ASSIGNED TASK: Your copy should begin at the line containing "아롱애견미용실 이미지" and end at the last line of the records; transcribe those lines exactly and leave out every picture.

RECORDS PROVIDED:
++++++++++++++++++++
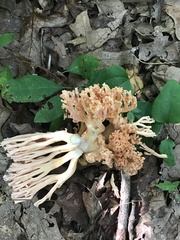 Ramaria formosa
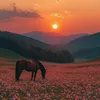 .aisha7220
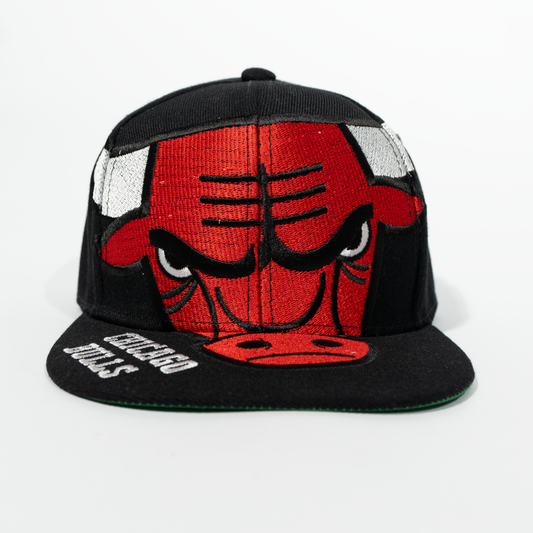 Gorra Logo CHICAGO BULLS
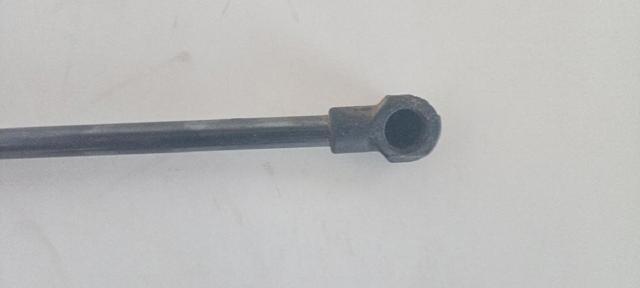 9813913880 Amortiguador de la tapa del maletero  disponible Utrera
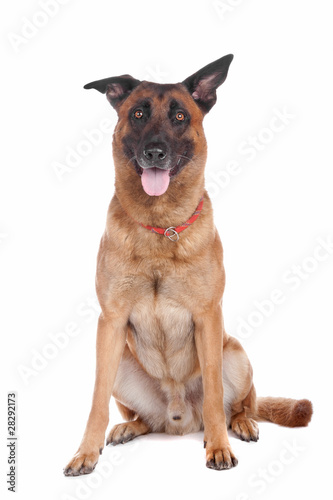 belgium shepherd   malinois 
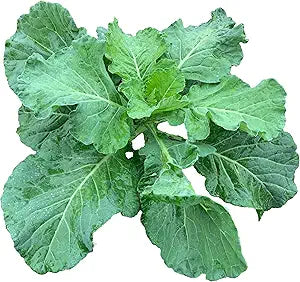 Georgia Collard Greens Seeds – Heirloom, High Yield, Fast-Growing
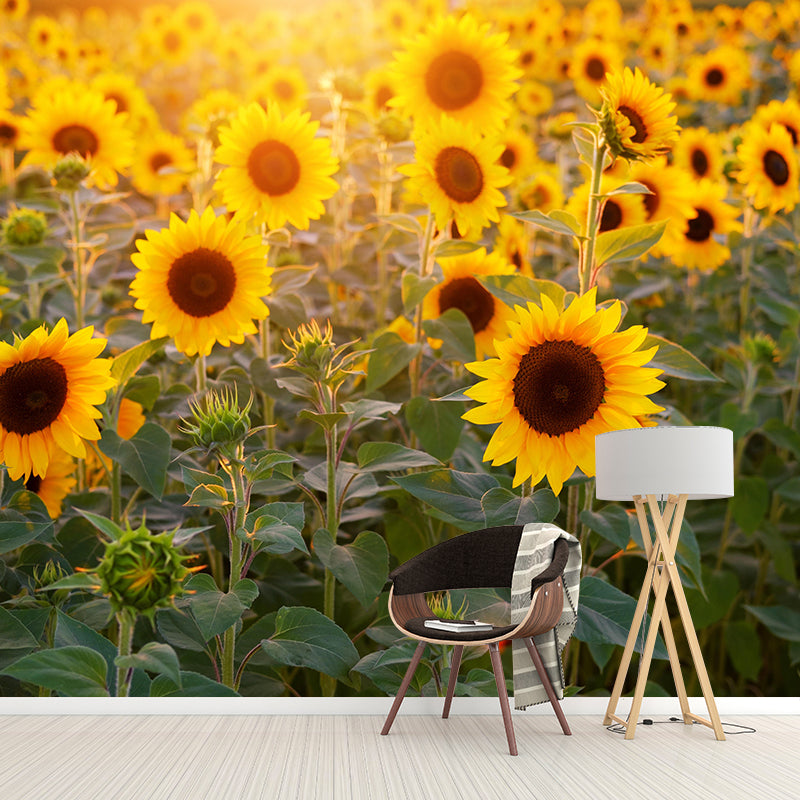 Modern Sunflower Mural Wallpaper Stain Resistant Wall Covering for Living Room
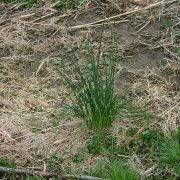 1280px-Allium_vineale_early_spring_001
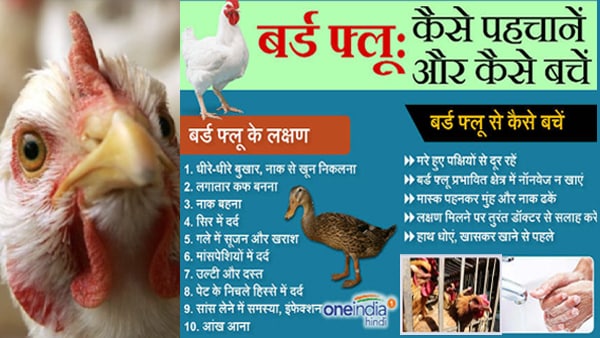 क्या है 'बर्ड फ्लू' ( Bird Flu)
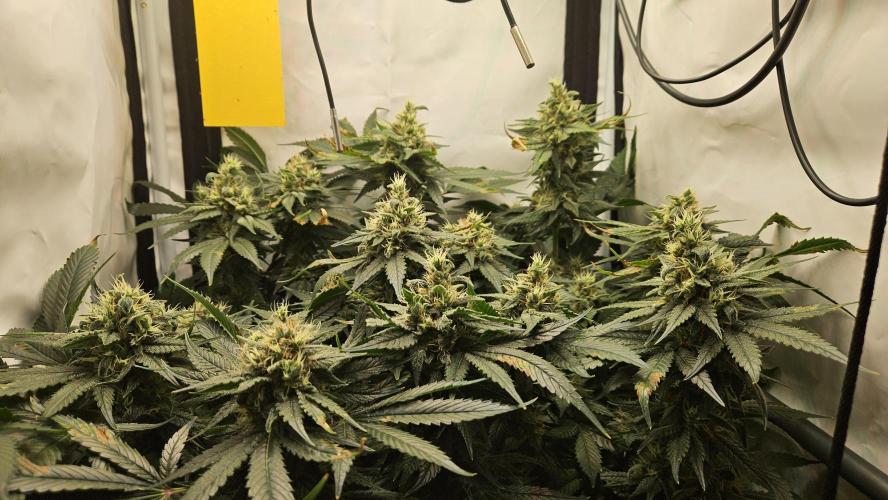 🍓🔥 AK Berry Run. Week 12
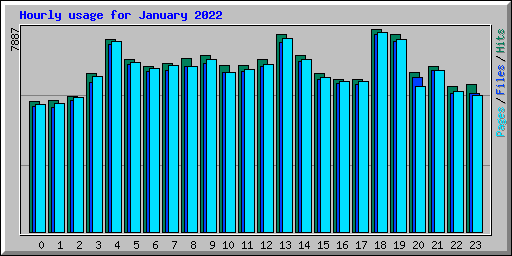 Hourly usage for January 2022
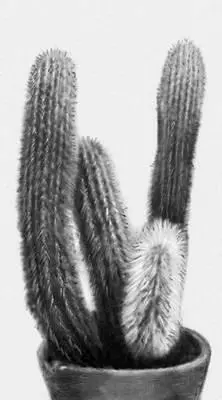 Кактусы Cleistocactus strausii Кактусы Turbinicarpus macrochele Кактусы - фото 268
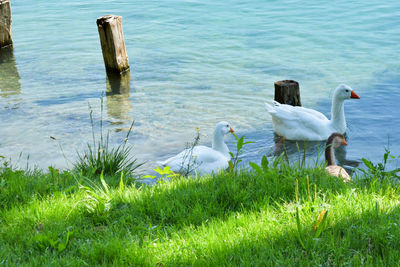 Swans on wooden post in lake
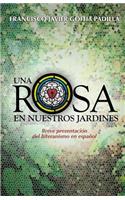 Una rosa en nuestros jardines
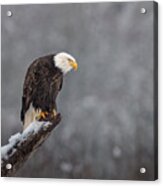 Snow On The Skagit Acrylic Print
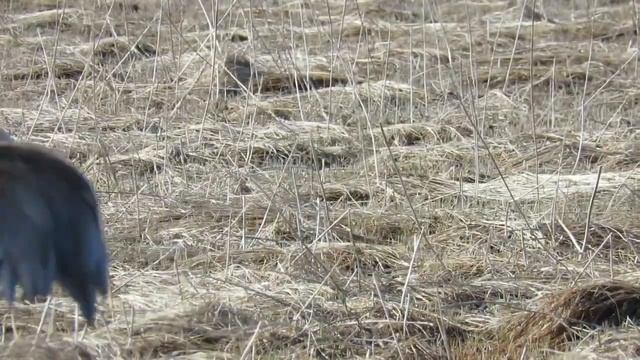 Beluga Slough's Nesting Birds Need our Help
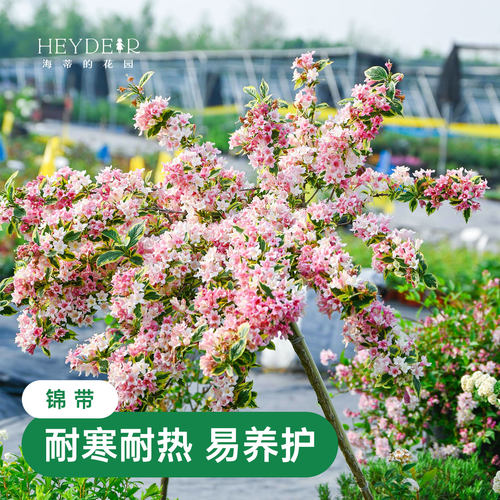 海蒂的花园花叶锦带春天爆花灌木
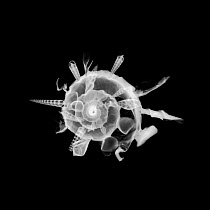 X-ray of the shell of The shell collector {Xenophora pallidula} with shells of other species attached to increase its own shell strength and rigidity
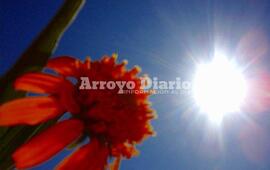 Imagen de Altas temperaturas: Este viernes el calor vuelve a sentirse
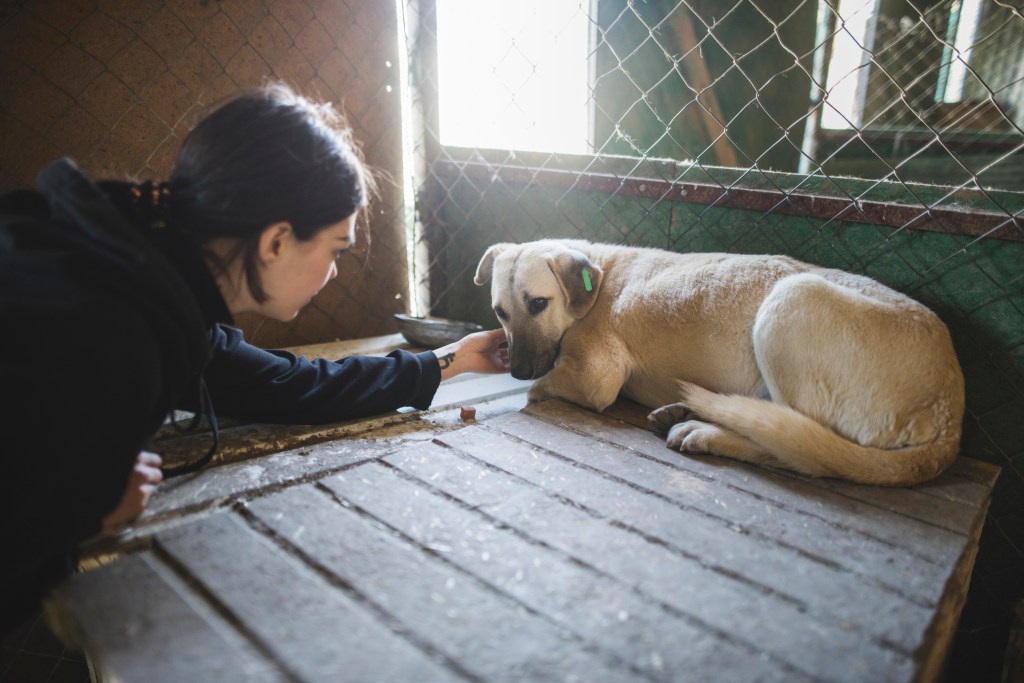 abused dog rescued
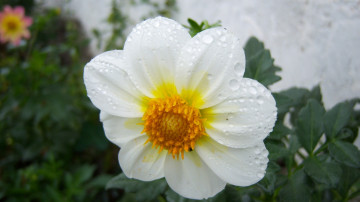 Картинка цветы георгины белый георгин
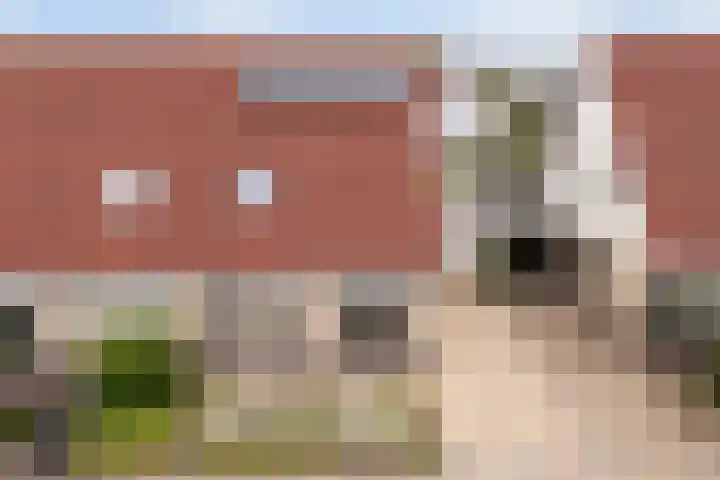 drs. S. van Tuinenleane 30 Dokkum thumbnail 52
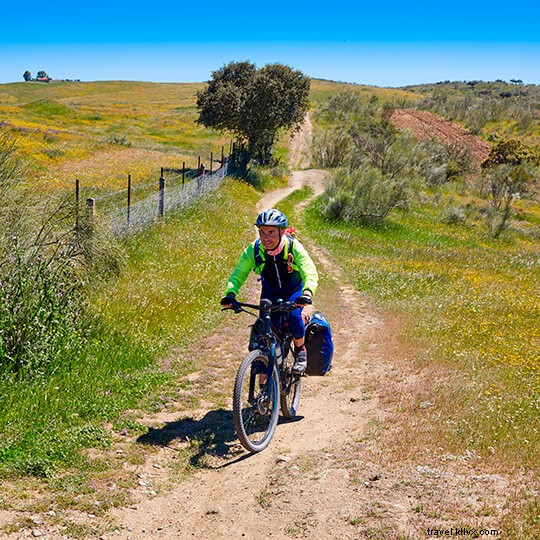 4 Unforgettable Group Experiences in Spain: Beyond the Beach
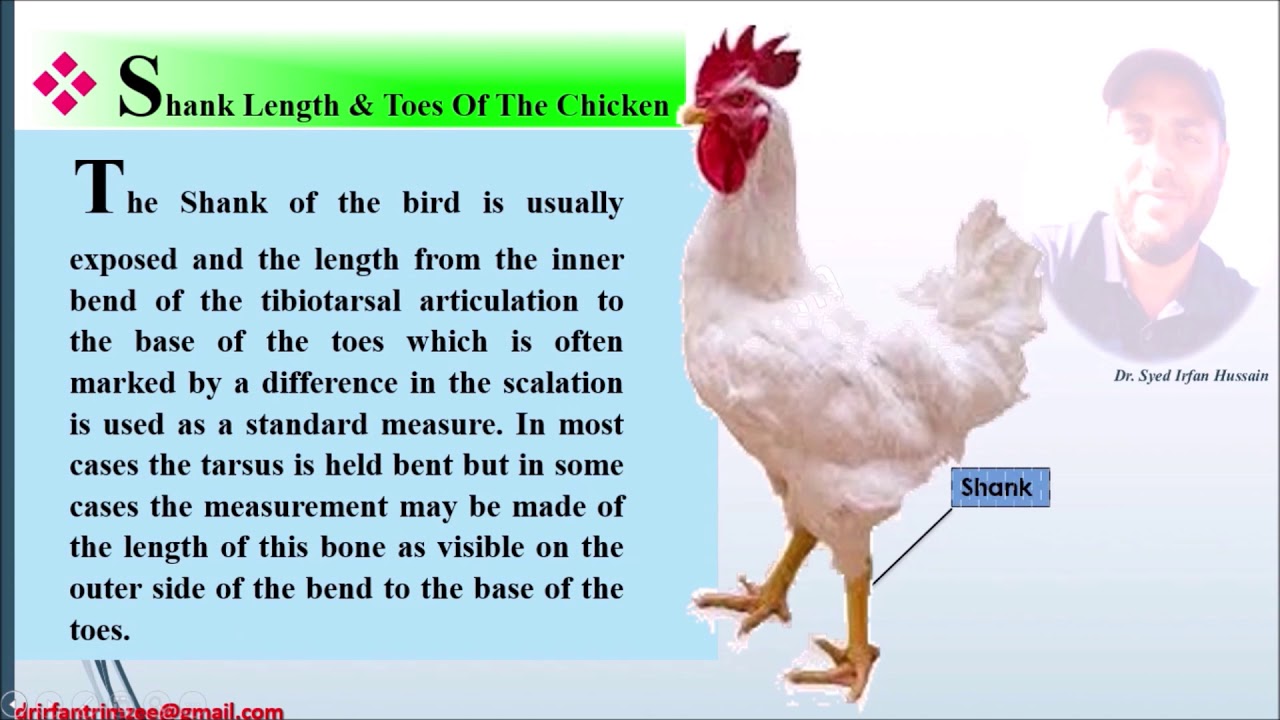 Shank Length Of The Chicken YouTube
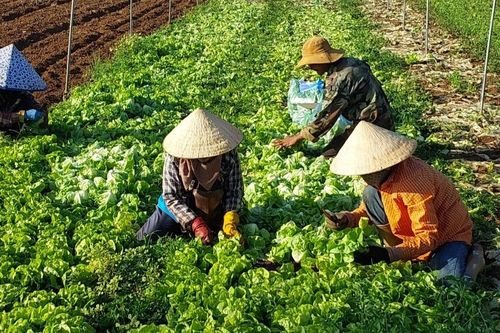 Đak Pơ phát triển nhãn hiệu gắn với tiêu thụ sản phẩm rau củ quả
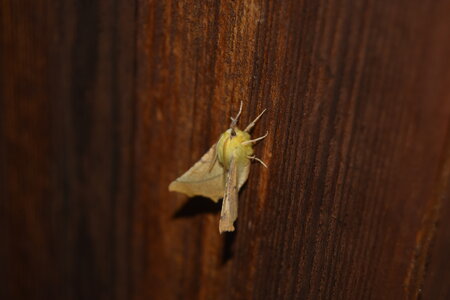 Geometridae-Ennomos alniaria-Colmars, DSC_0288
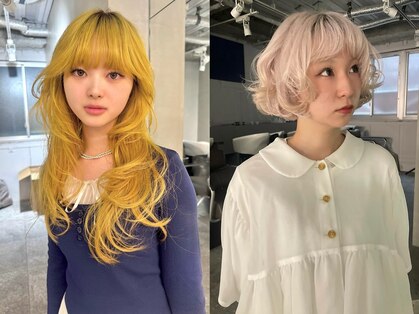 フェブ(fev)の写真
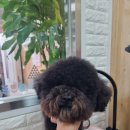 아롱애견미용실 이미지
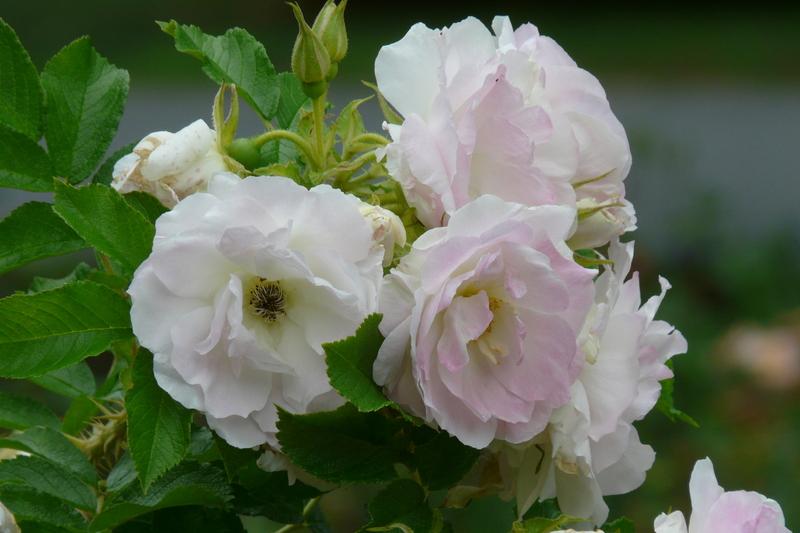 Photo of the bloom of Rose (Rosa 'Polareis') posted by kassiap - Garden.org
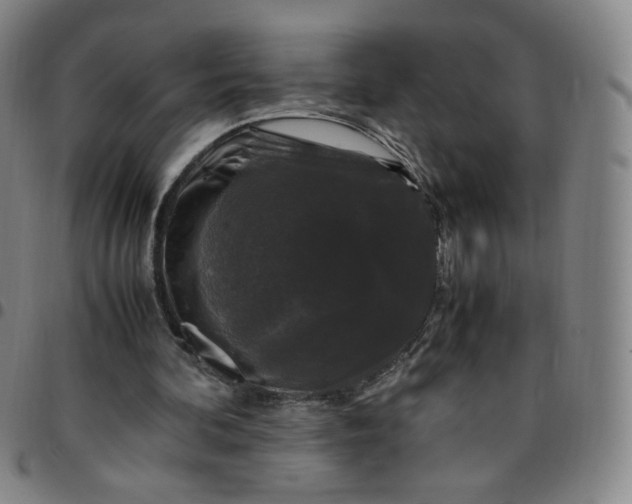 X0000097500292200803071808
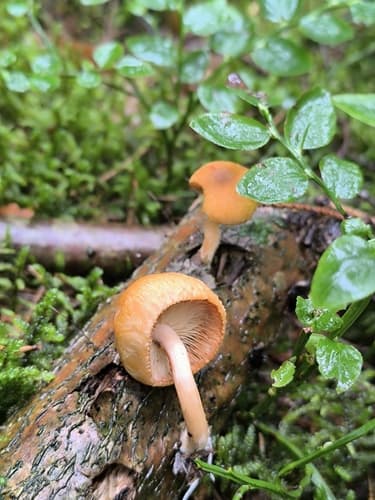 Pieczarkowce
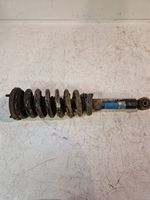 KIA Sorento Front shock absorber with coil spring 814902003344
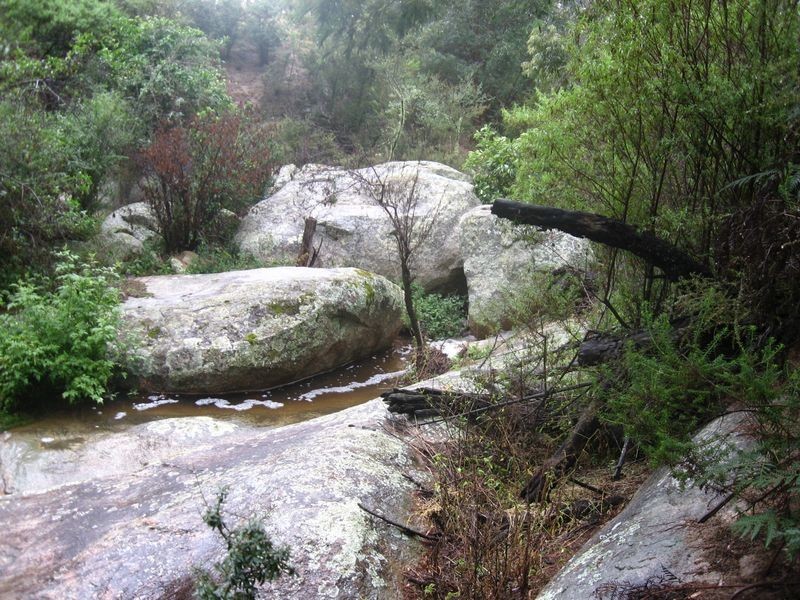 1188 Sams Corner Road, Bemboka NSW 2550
++++++++++++++++++++
THE ANSWER:
 아롱애견미용실 이미지
 Photo of the bloom of Rose (Rosa 'Polareis') posted by kassiap - Garden.org
 X0000097500292200803071808
 Pieczarkowce
 KIA Sorento Front shock absorber with coil spring 814902003344
 1188 Sams Corner Road, Bemboka NSW 2550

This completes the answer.